Berlomba untuk Kalah

"Bagaimana kalau kita tidak lagi jadi juara 1? Tanya seorang peserta didik dengan ekspresi galau.

"Kalau kita kalah???" Imbuh yang lainnya dengan wajah cemas.

Dengan muka yang dibuat setenang mungkin (padahal kaget juga), mata dibuat teduh dan suara yang disetel merdu, saya sebagai guru mereka, dengan senyum termanis yang bisa saya berikan saat itu menjawab ,

" Nak, lomba ini bukan hanya masalah menang atau kalah, atau pada nomor berapa kamu berada. Ada hal lain yang lebih dari itu untuk bisa kita ambil hikmahnya, percayalah".

(cuplikan dialog nyata antara guru dan peserta didik di suatu lomba)

Sejujurnya pendidikan kita di sekolah terbiasa mengukur pencapaian peserta didik lewat angka-angka. Angka yang tercetak di buku raport sebagai dokumen hidup seseorang seakan adalah label pasti akan kualitas diri. Yang terjadi kemudian, peserta didik terbiasa diajarkan untuk menang yang disadari atau tidak mendorong mereka untuk berupaya terlalu keras menjadi pemenang dengan berbagai cara, dari cara yang baik bahkan buruk sekalipun. Mencontek, fenomena ‘copy paste’ atau plagiarisme karya tulis dan kasus beredarnya kunci jawaban US, UN maupun SBMPTN (atau apapun namanya) dari tahun ke tahun adalah salah satu indikasi bahwa menang bagi peserta didik adalah suatu keharusan.

Bagaimana mungkin peserta didik kita berani kalah jika dalam setiap buruknya angka yang mereka dapatkan selalu diganjar dengan hukuman baik akademis maupun psikologis. Peserta didik yang nilainya dibawah ketentuan akan serta merta diberi label gagal.
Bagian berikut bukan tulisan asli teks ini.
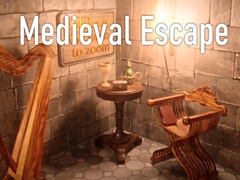 Spēle Medieval Escape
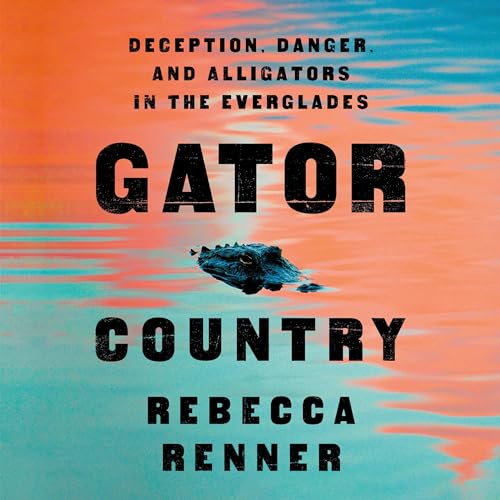 Gator Country by Rebecca Renner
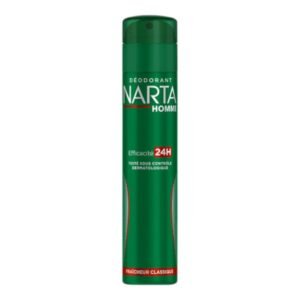 NARTA DEO HOMME FRAICHEUR CLASSIQUE 200ML
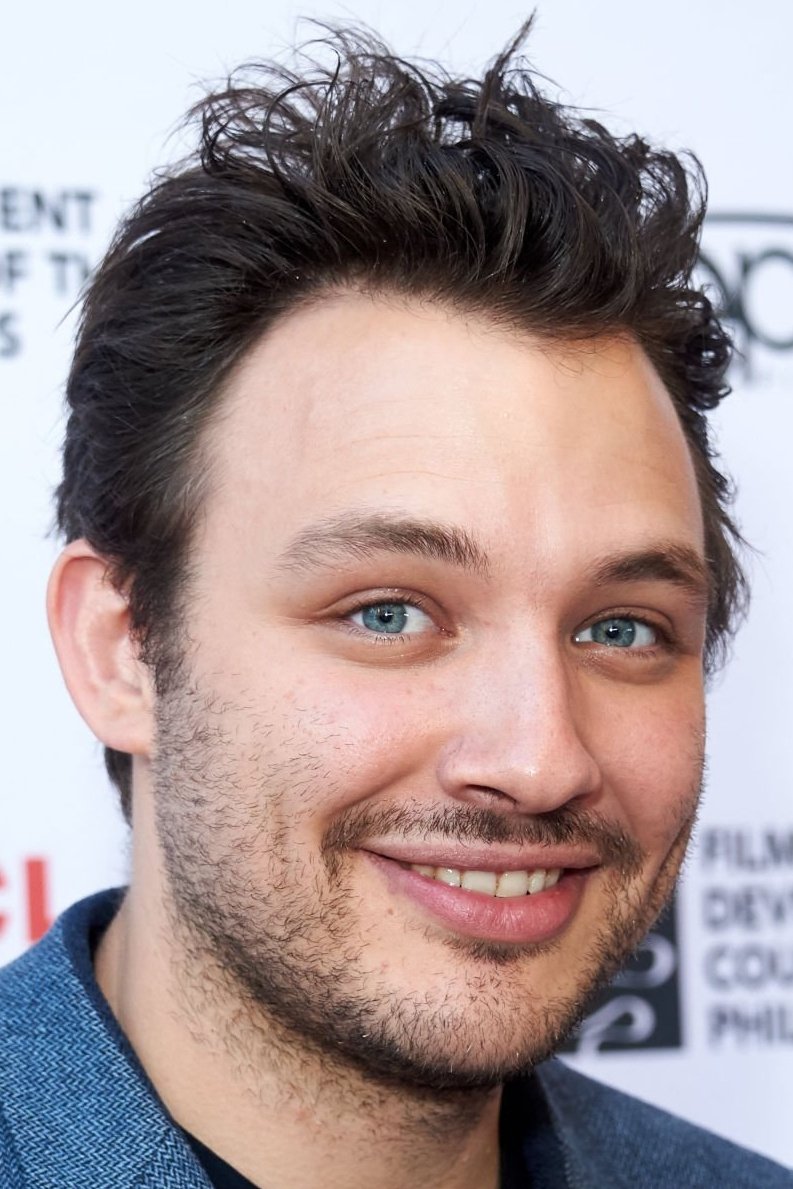 Ben Proudfoot backdrop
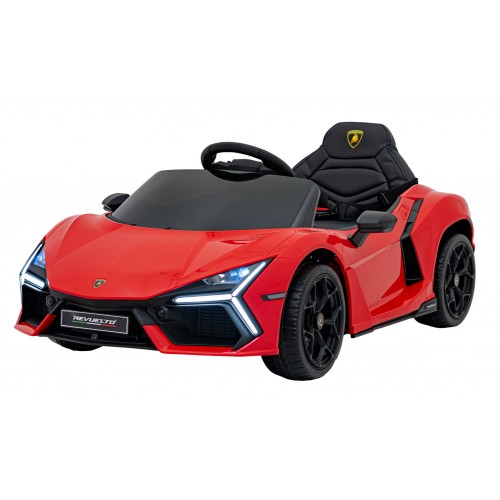 Pojazd Lamborghini Revuelto Czerwony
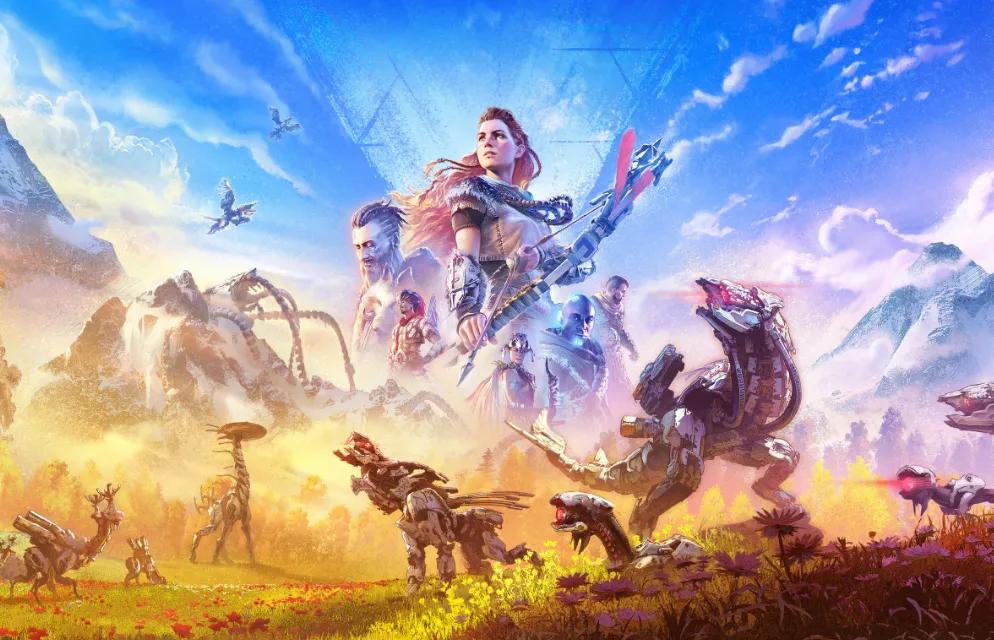 Tencent slår tilbage mod Sonys Horizon Zero Dawn-retssag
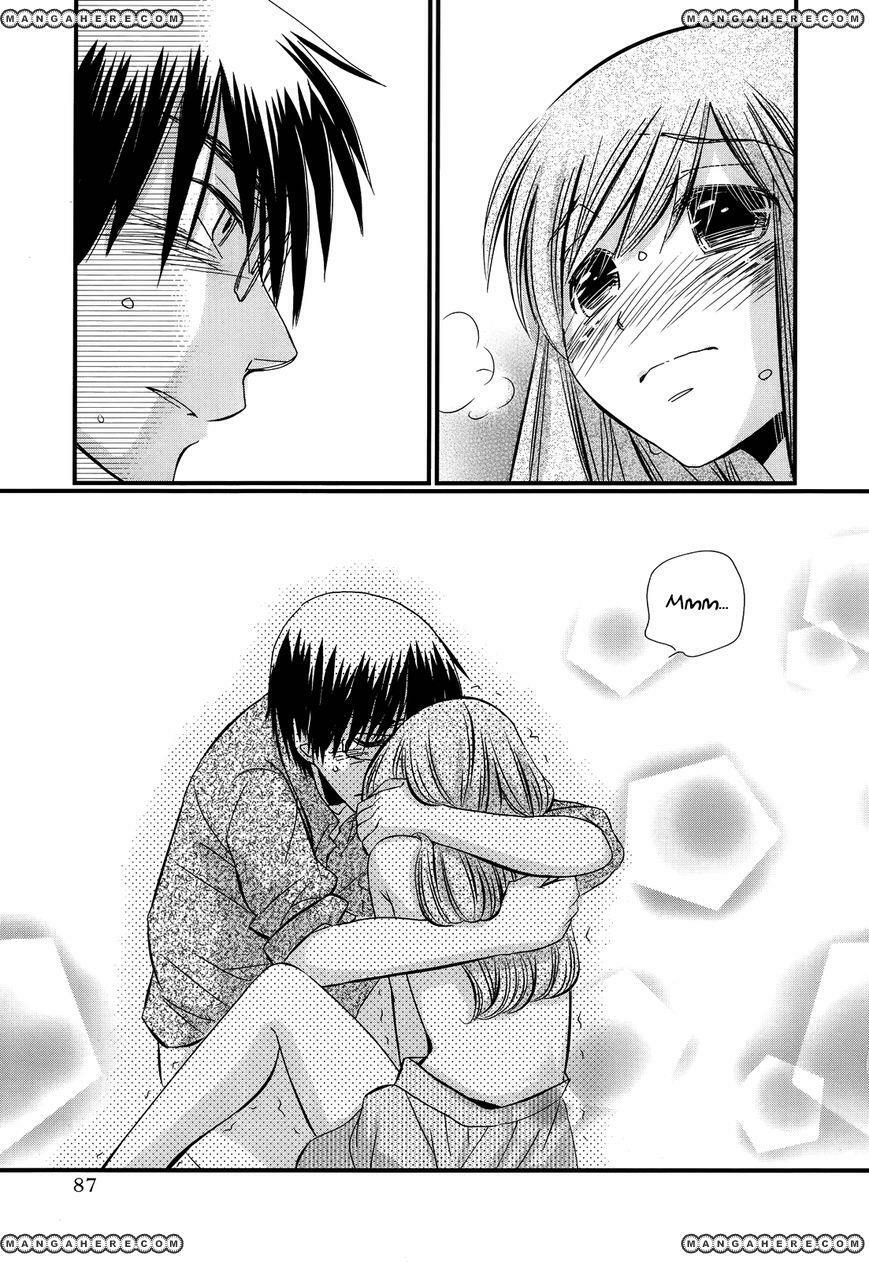 usotsuki paradox chapter 10 19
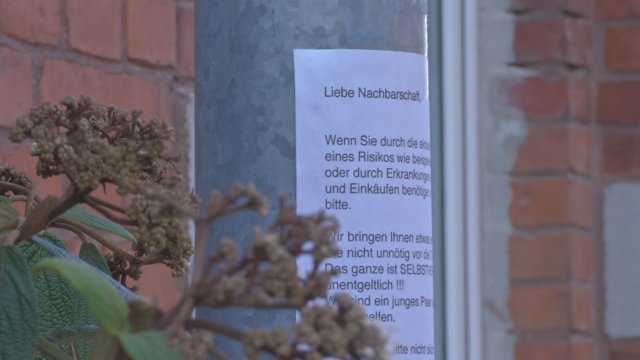 Solidargemeinschaft: Nachbarschaftshilfen sorgen für ältere Mitbürger und Familien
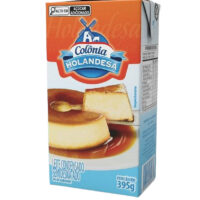 LEITE CONDENSADO COLÔNIA HOLANDESA 395G
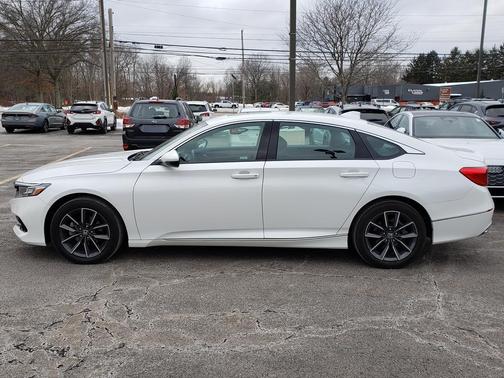 2021 Honda Accord EX-L 1.5T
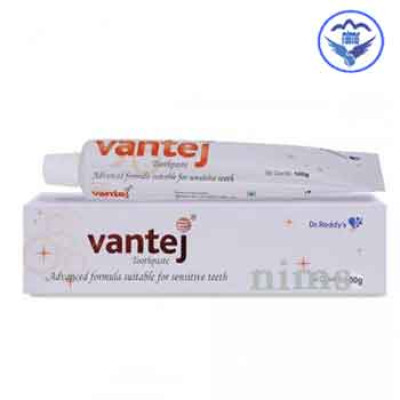 Vantej Toothpaste 50G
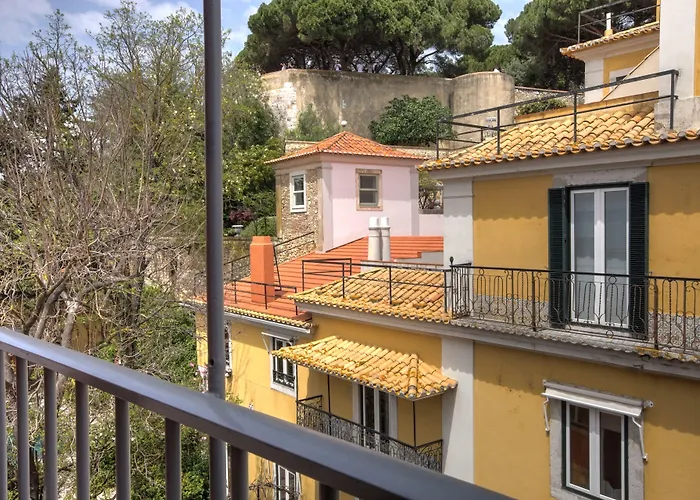 Solar Dos Mouros Pensión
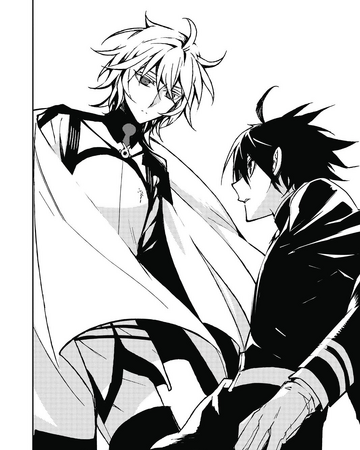 Where It All Begins Owari No Seraph Wiki Fandom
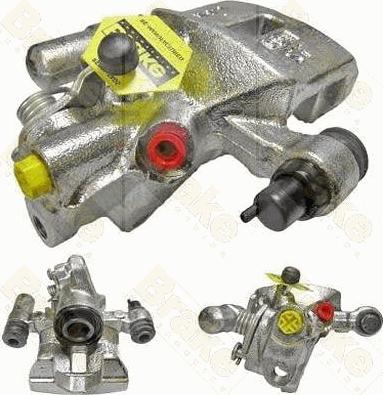 Brake Engineering CA894R - Гальмівний супорт autocars.com.ua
Sebagai konsekuensinya kemudian diganjar dengan serangkaian proses remedial yang kehilangan fitrahnya karena ternyata lebih banyak proses “remedial” yang diberikan bukan berupa “remedial teaching” namun dipaksa disederhanakan dengan pemberian “remedial test”,_ yang penting nilai peserta didik berubah ke angka kriteria ketuntasan minimal dan tidak pakai repot. Yang jauh lebih memberatkan adalah hukuman psikologis yang diterima saat mendapati mereka divonis kalah dan gagal. Sindiran, cemoohan dan bahkan ketidakpedulian guru atau sesama peserta didik terhadap kekalahan yang diderita adalah penderitaan lain yang mendera.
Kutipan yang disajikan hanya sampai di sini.